Ken Jones, Chief Film Critic
At this point, we’re now a little over two months removed from Avengers: Endgame and the mammoth achievement of that movie being a critical and commercial success, sticking the landing in a way that has proven elusive to so many stories told over multiple films. Spider-Man: Far From Home is the sequel to Spider-Man: Homecoming, but also to Endgame as well. The studio heads at Marvel have made a point of saying that it is the final film in Phase 3 of the MCU.

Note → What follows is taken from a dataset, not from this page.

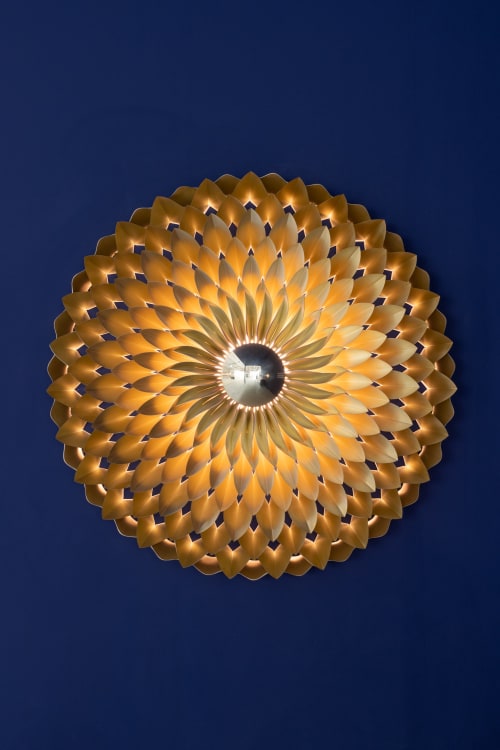 Sun in Brass | Wall Hangings by Edward Linacre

Picking up in the wake of the end of Endgame, Peter Parker (Tom Holland) and the world are still picking up the pieces of what they call “The Blip” when half the universe returned five years after being wiped out by Thanos. Reintegration is one thing, but so is living with the ramifications of Endgame. The film opens with an all-too-earnest tribute video on the school TV station mourning the heroes lost and also reflecting on some of the difficulty of reintegrating people who had disappeared and reappeared.
There’s a Stark-sized hole (still trying to avoid spoilers) in the world in the wake of Endgame, and the world is wondering if Spider-Man is going to step in and fill that void. Peter is reluctant to be much more than a friendly neighborhood Spider-Man. He is also eager to take a break and enjoy his school trip to Europe, a trip he hopes will lead to him and MJ growing closer.
The smartest thing that Marvel did with the MCU was to graft their stories onto existing movie templates. Captain America: Winter Soldier is an espionage movie, Ant-Man is a heist movie, and Spider-Man: Homecoming is an 80s teen comedy, a la John Hughes. Spider-Man: Far From Home is an 80s teen rom-com, replete with all the appropriate tropes. There is the plan to woo the girl, the trusty sidekick (Ned, played by Jacob Batalan) who has reservations about the plan (and gets his own romantic side plot), the apparent rival for the girl’s affections, and ultimately nothing really going according to plan.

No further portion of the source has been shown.